In the records below, take the line with "Natte bever legpuzzel" and all lines after it, and copy them exactly, pictures excluded.

___ Provided records ___

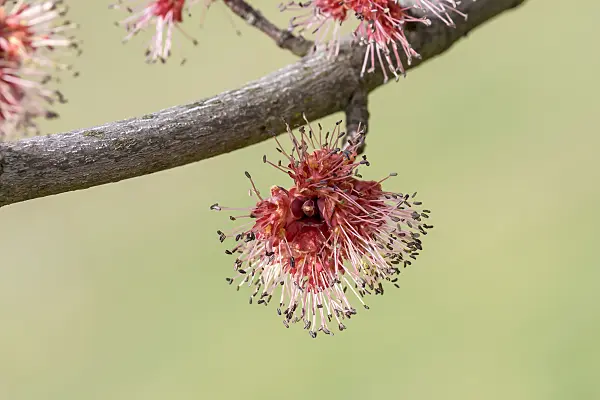 625117 - Red maple (Acer rubrum 'Somerset') with male flowers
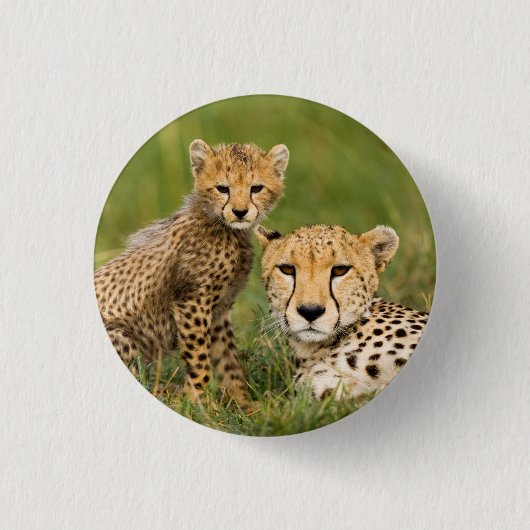 Cheetah Cub en Parent in Grass Ronde Button 3,2 Cm (Voorkant)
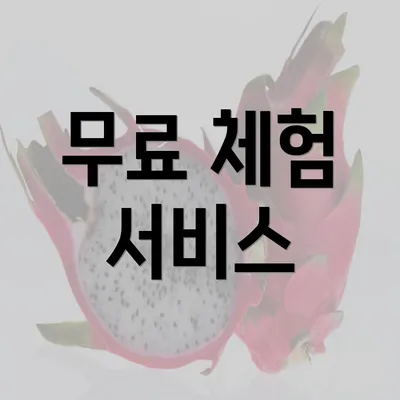 무료 체험 서비스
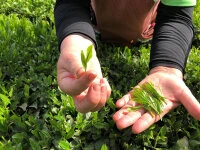 Gensen Tezumi Shincha, Bio, Super-Premium Gensen Tezumi Shincha, Bio, Super-Premium -Einrichtungsgeschäft gensen tezumi shincha bio super premium6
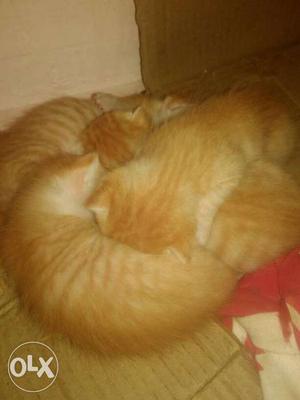 Four 3 weeks old orange kittens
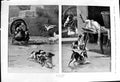 Old 1900 Caldwell Ups Downs Turkey Goose Cockerill Puppy Dogs Animals Victorian
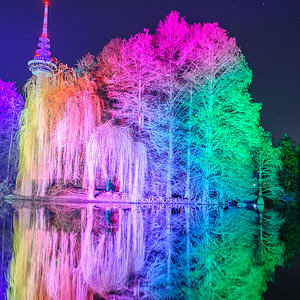 Luisenpark Mannheim Winterlichter 2016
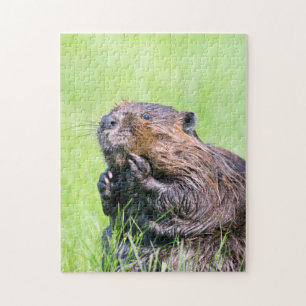 Natte bever legpuzzel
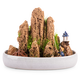 Landscape green sculpture natural water-absorbent stone bonsai custom-made water stone rockery stone micro-landscape decoration stone ornamental 20-24cm water-absorbent stone does not include pots and comes with grass seeds and stones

___

**Response area:**
 Natte bever legpuzzel
 Landscape green sculpture natural water-absorbent stone bonsai custom-made water stone rockery stone micro-landscape decoration stone ornamental 20-24cm water-absorbent stone does not include pots and comes with grass seeds and stones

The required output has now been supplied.